Material provided Start Marker

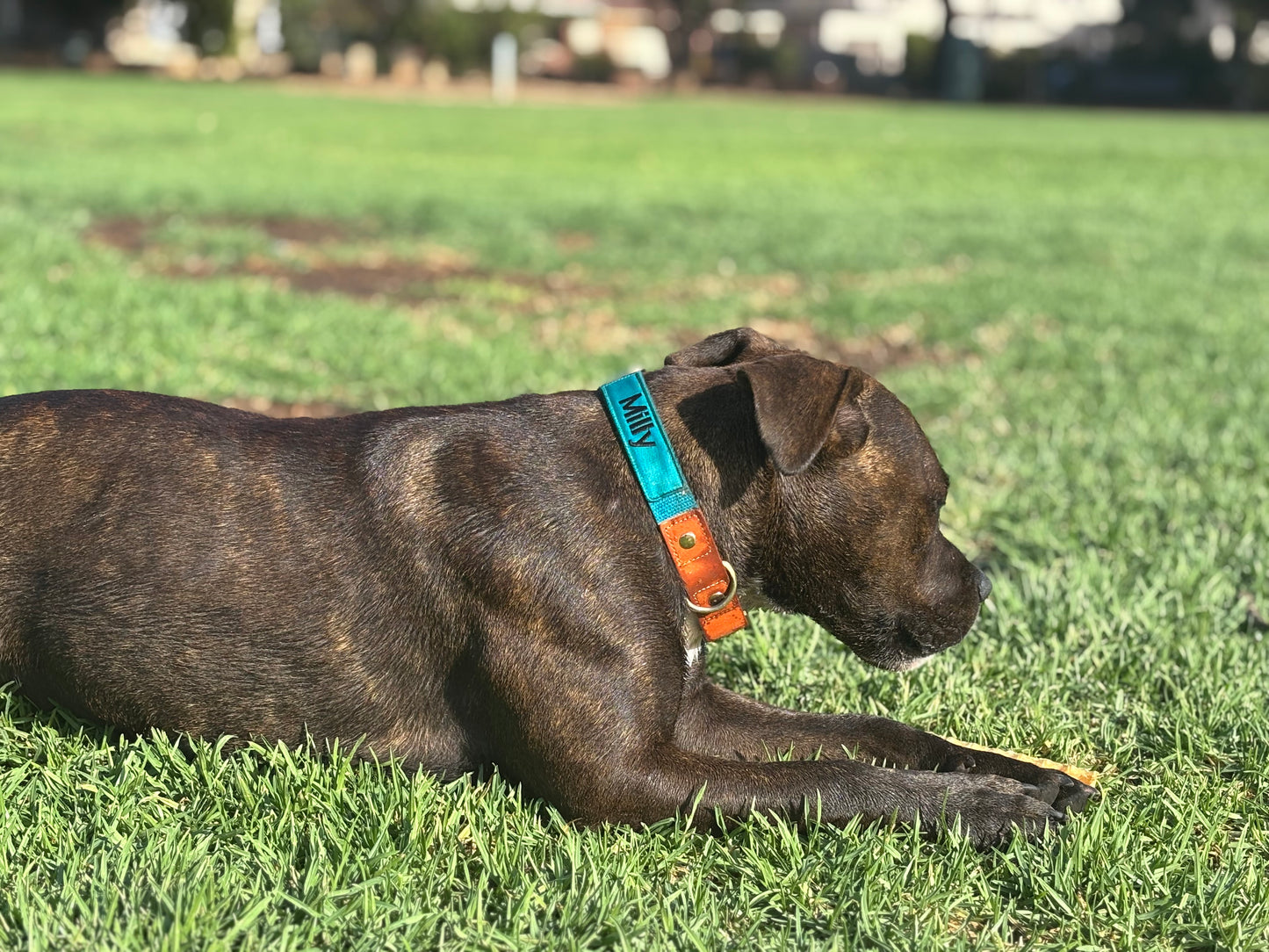 Personalized Dog Collar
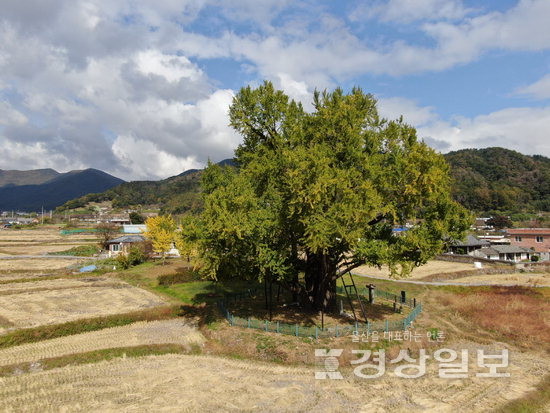 ▲ 지난 10월30일 필자가 찍은 두서은행나무.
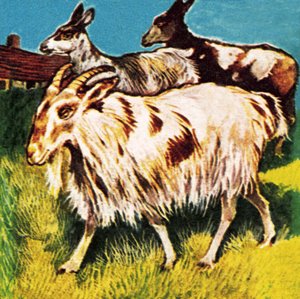 Una manada o tribu de cabras de English School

Material provided End Marker

• _Problem to work on_: Give back the material word for word, without images.

• _Solution to the exercise_:
 Personalized Dog Collar
 ▲ 지난 10월30일 필자가 찍은 두서은행나무.
 Una manada o tribu de cabras de English School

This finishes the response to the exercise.